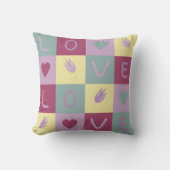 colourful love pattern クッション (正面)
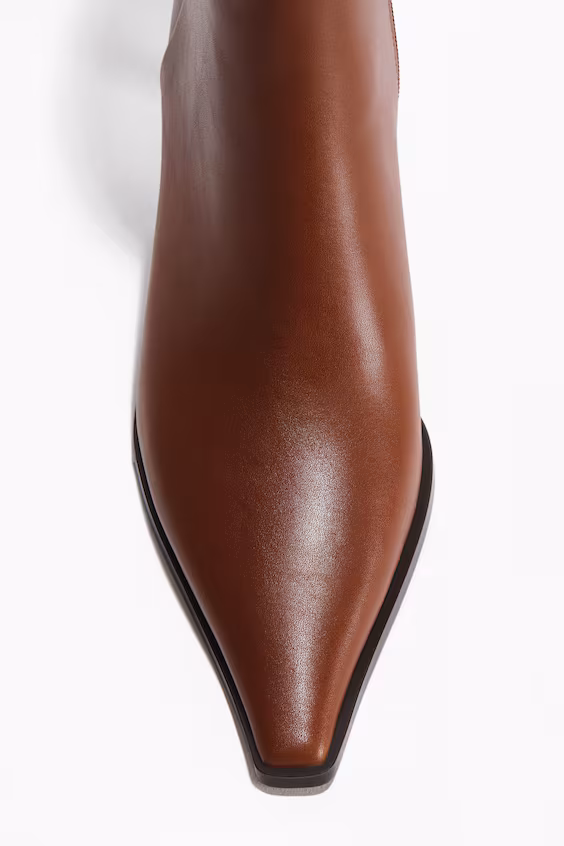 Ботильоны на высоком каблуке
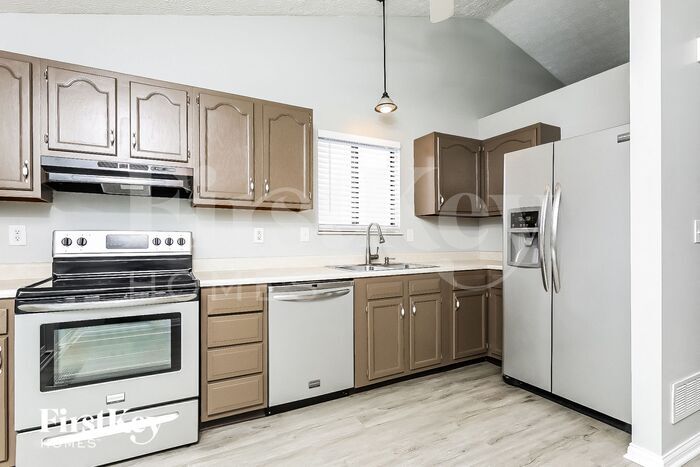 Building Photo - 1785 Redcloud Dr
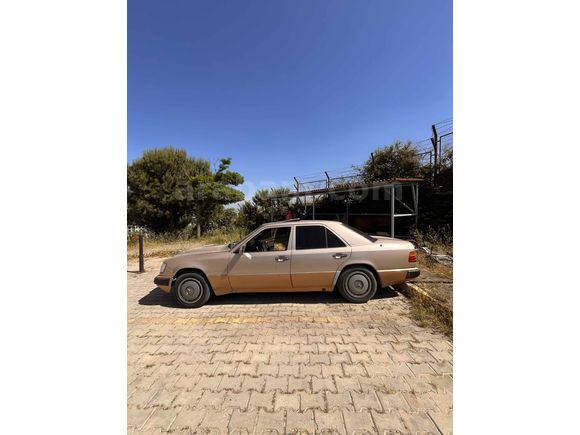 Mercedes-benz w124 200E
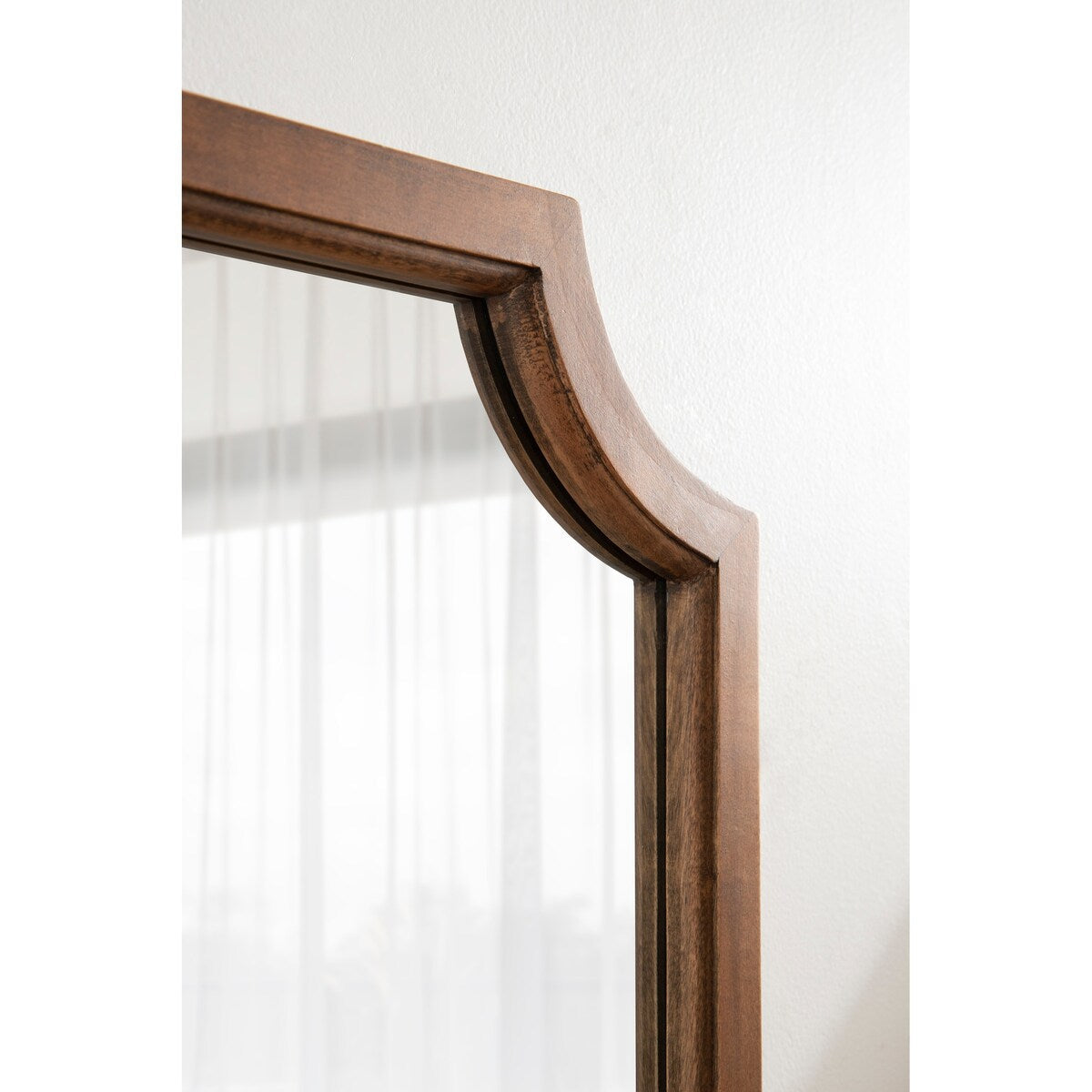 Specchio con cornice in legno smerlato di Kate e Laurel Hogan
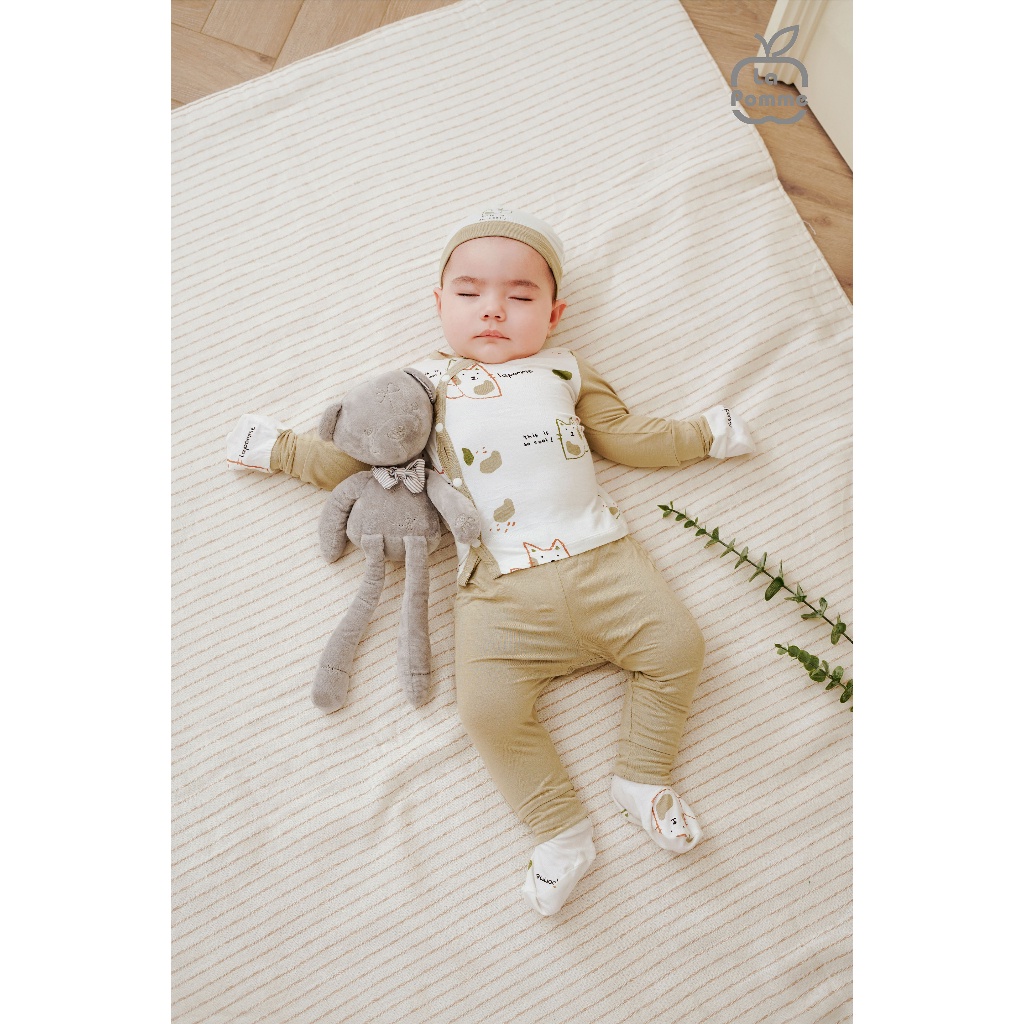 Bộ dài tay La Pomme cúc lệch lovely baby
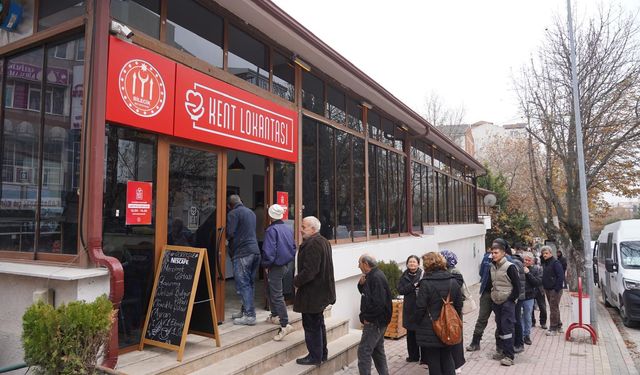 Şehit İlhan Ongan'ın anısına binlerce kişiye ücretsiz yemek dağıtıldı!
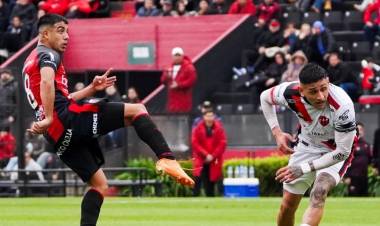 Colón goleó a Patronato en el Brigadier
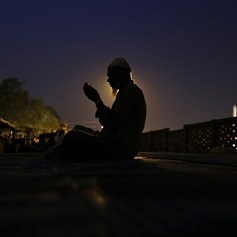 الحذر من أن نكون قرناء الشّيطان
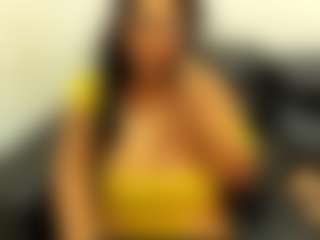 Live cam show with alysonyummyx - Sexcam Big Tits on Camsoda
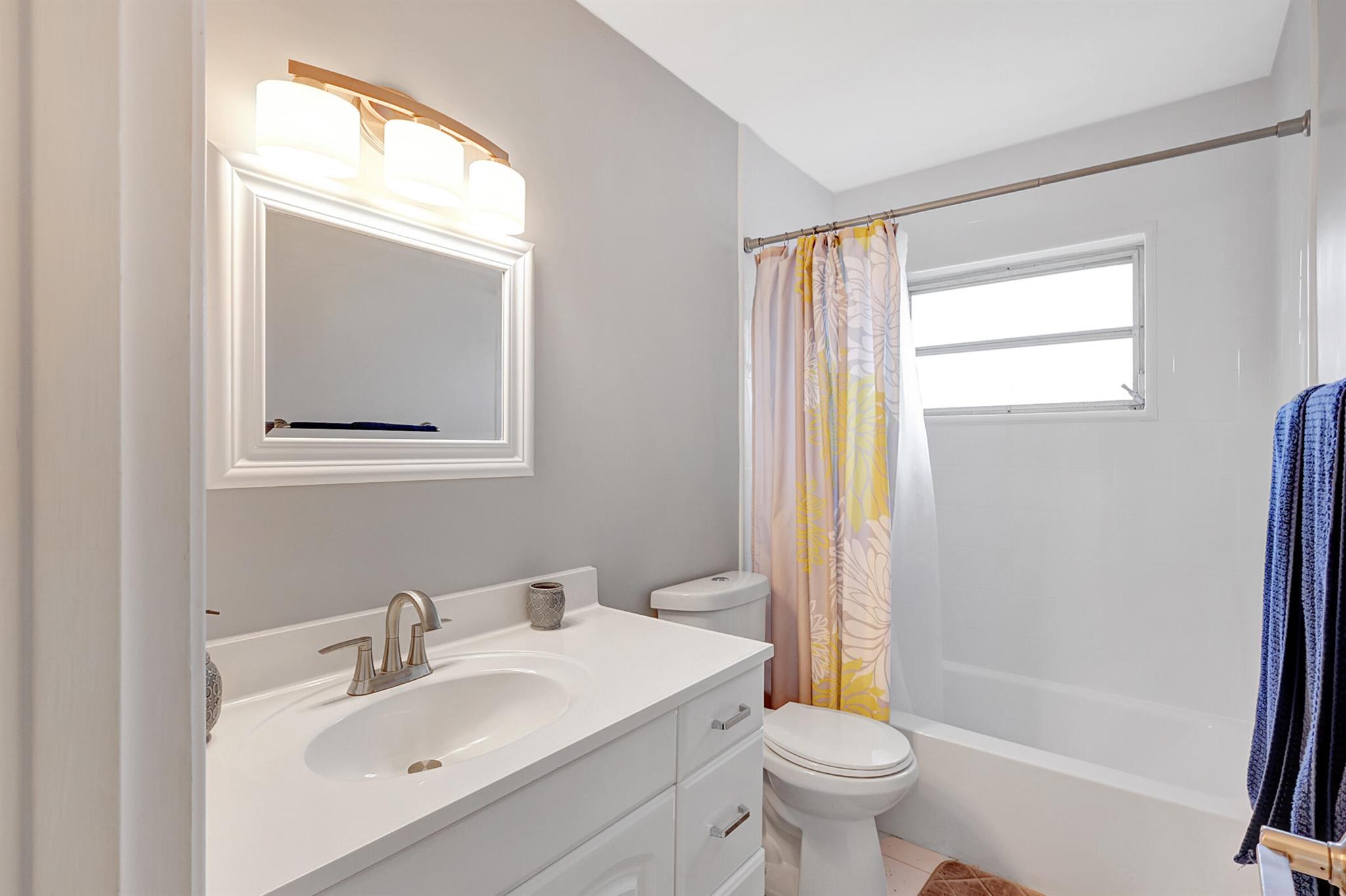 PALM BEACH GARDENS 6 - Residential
________________________
__Work required__.
Transcribe, word for word, the lines of the listing above from the one that contains "Mercedes-benz w124 200E" through the one that contains "الحذر من أن نكون قرناء الشّيطان", keeping both ends and dropping the pictures.

__Response area__.
 Mercedes-benz w124 200E
 Specchio con cornice in legno smerlato di Kate e Laurel Hogan
 Bộ dài tay La Pomme cúc lệch lovely baby
 Şehit İlhan Ongan'ın anısına binlerce kişiye ücretsiz yemek dağıtıldı!
 Colón goleó a Patronato en el Brigadier
 الحذر من أن نكون قرناء الشّيطان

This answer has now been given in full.